*Work task*:
For the entries that follow, retype exactly the lines from the one containing "Trekking poles vector" to the one containing "Sinsay Women's White", inclusive, and only those. Images stay out of the copy.

*Data in this exercise*:
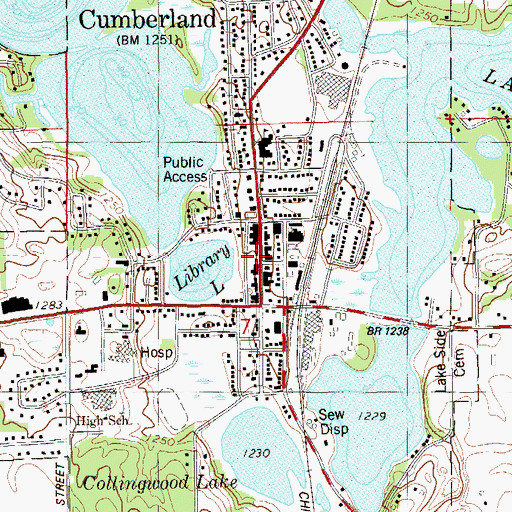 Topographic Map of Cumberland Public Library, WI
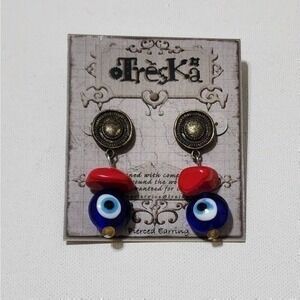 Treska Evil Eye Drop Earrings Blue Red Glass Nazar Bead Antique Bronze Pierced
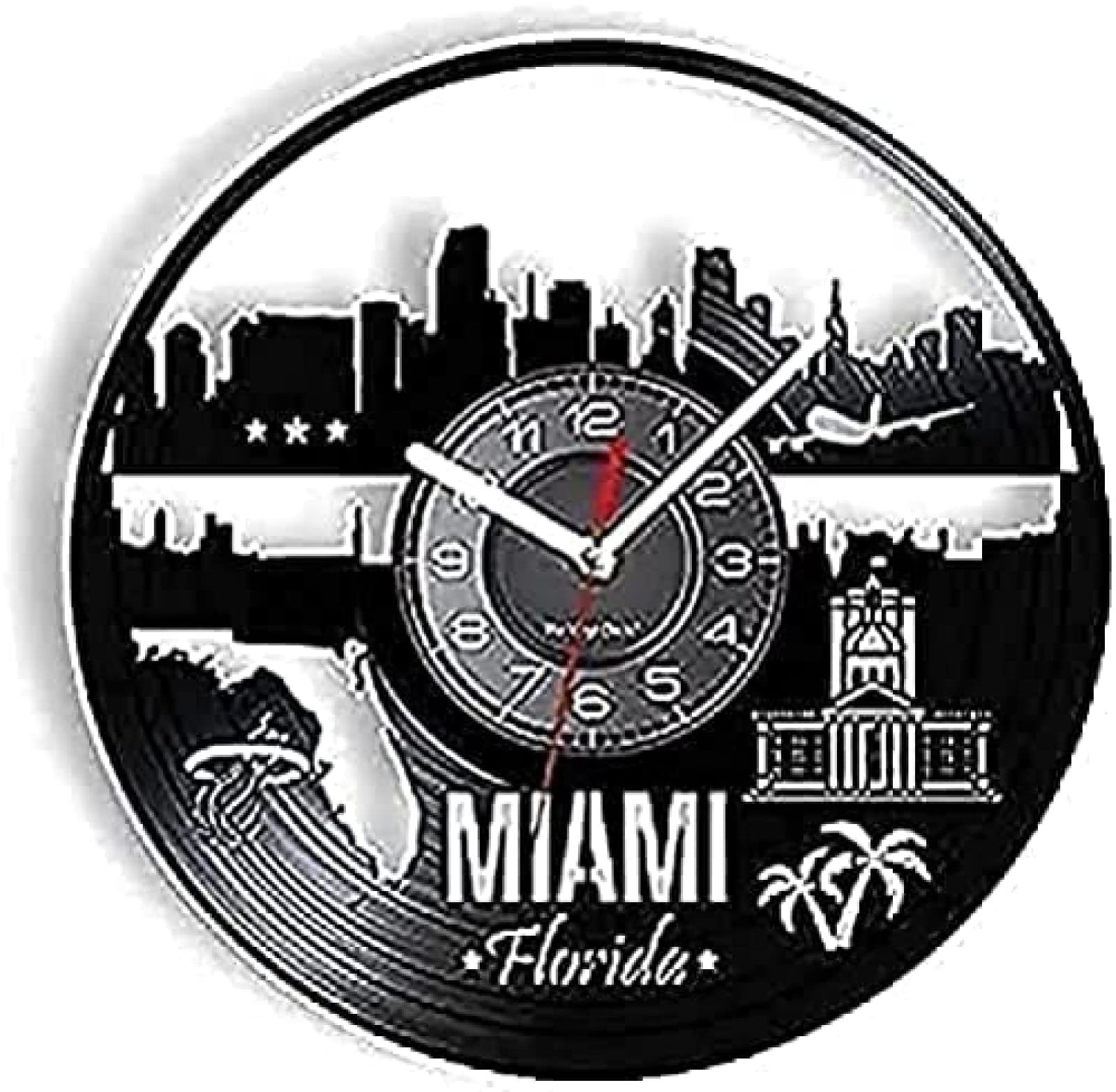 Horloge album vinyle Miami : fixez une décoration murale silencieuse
...
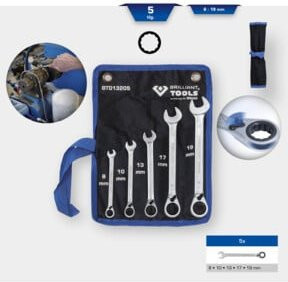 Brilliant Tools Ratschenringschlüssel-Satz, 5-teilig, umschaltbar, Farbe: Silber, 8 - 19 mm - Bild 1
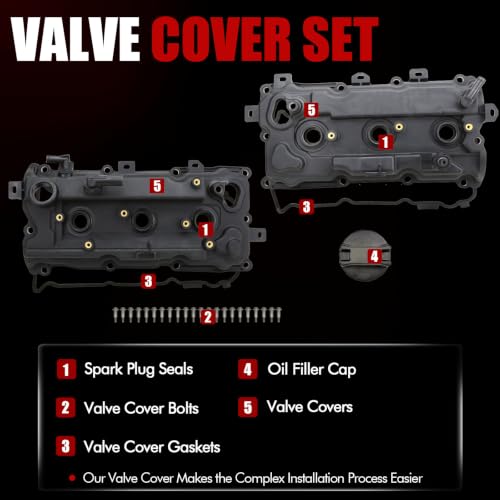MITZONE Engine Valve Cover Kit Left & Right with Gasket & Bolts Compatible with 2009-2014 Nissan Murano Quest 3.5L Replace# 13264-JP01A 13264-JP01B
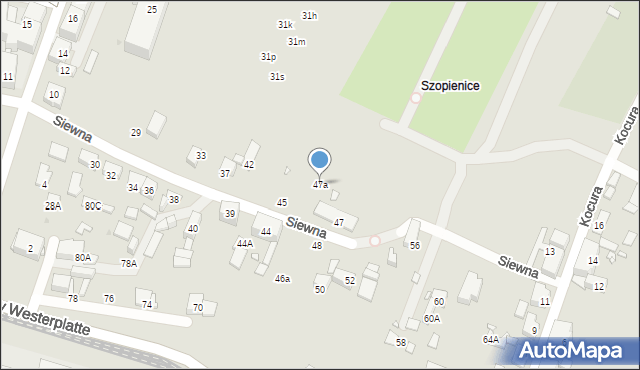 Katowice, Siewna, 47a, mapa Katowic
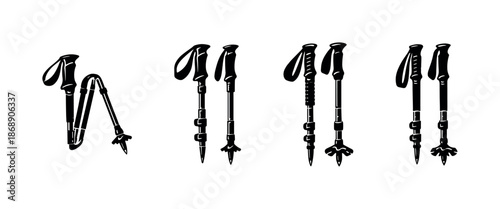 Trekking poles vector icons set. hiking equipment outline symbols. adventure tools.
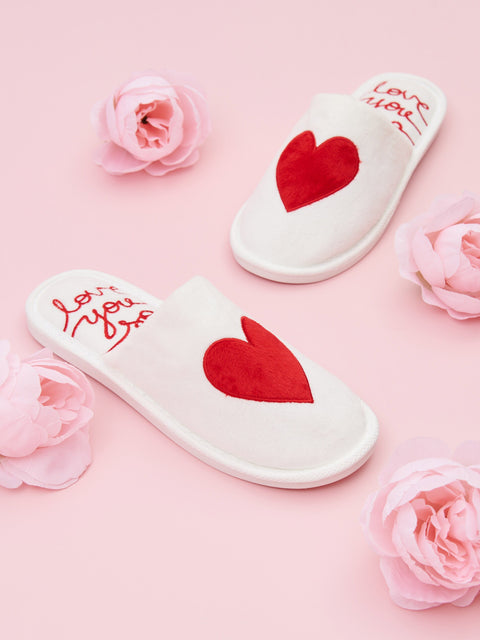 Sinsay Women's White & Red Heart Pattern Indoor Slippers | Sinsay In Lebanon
...
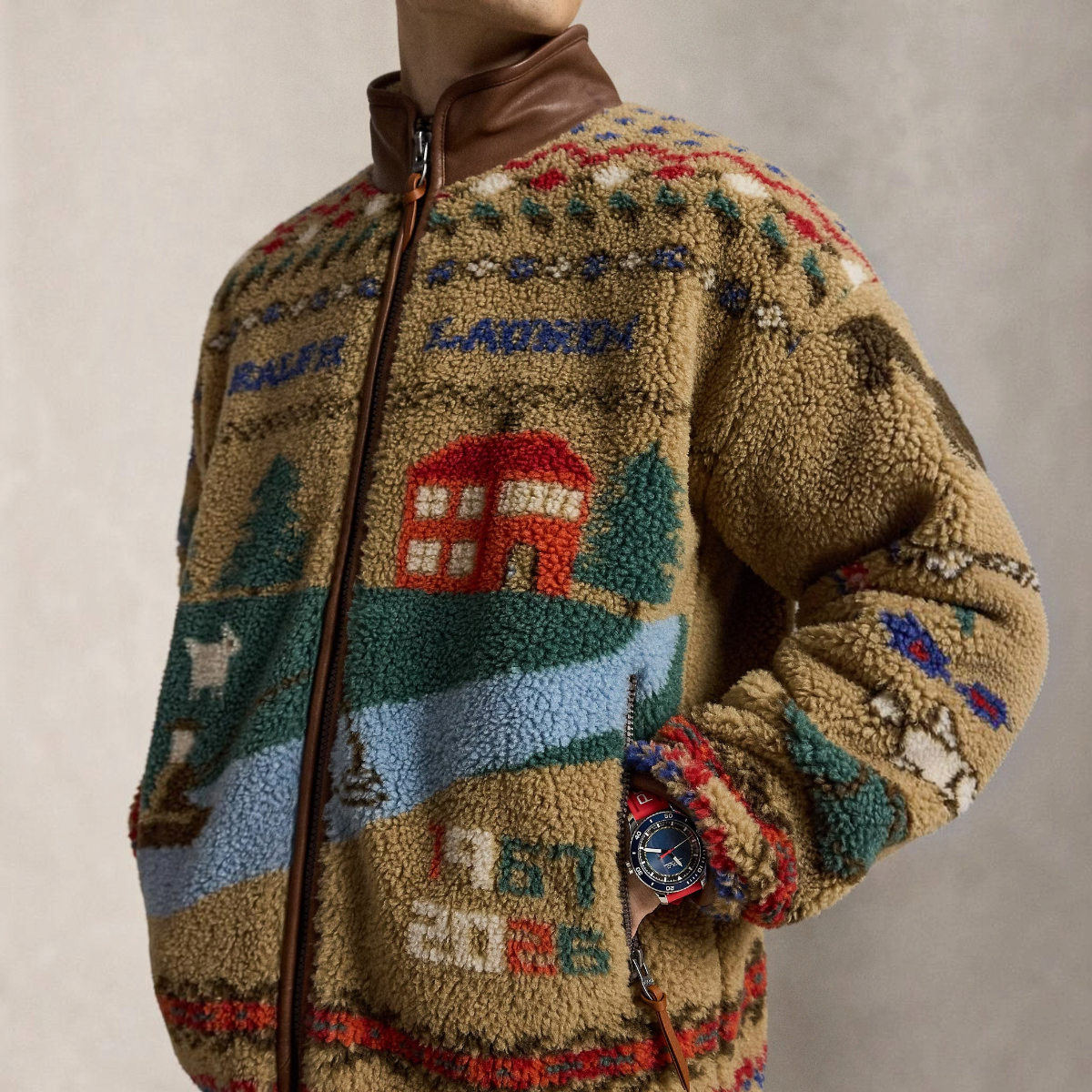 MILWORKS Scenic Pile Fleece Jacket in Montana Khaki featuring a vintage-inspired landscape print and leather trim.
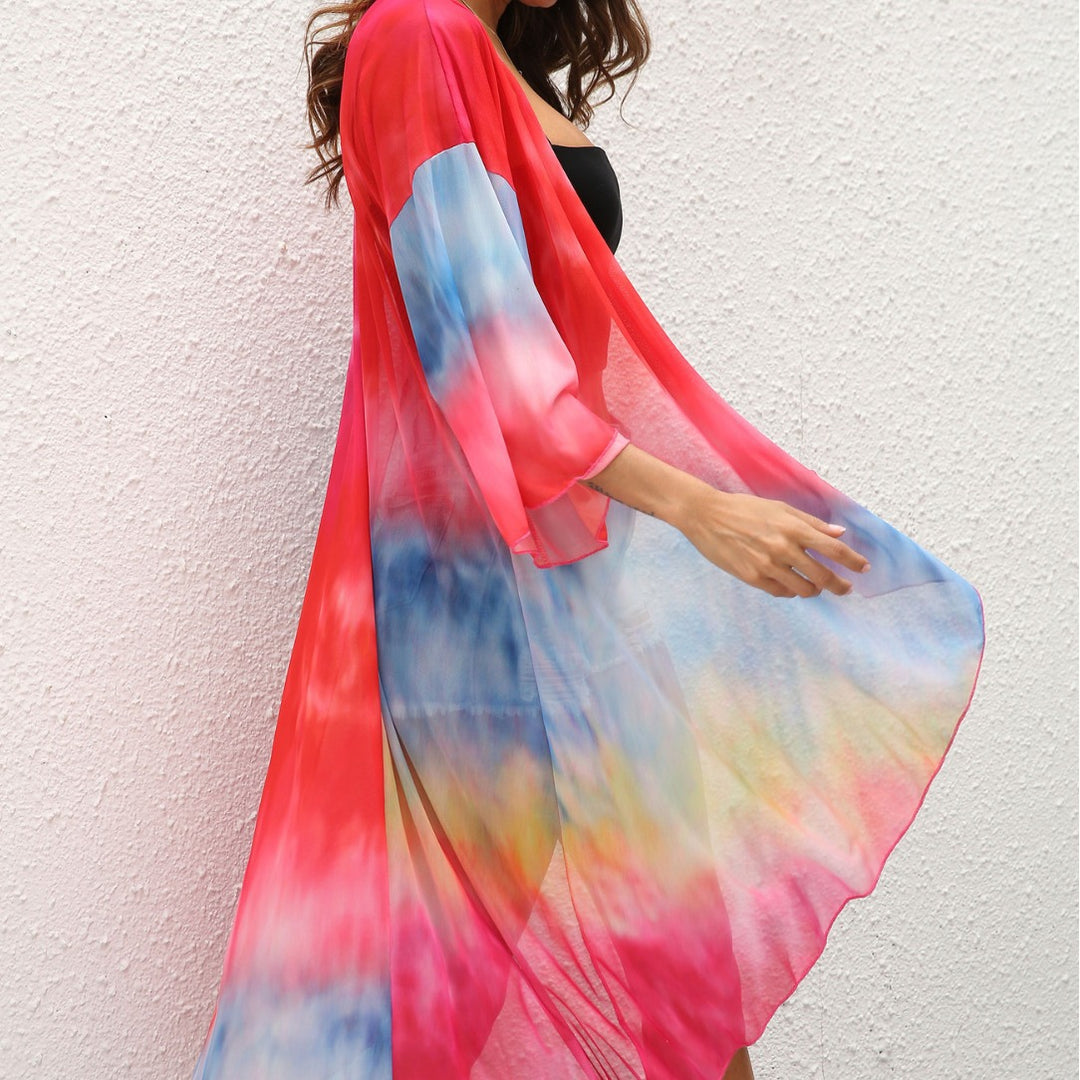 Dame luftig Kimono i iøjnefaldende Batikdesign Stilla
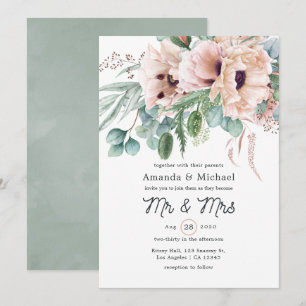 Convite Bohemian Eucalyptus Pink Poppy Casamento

*Answer area*:
 Trekking poles vector icons set. hiking equipment outline symbols. adventure tools.
 Sinsay Women's White & Red Heart Pattern Indoor Slippers | Sinsay In Lebanon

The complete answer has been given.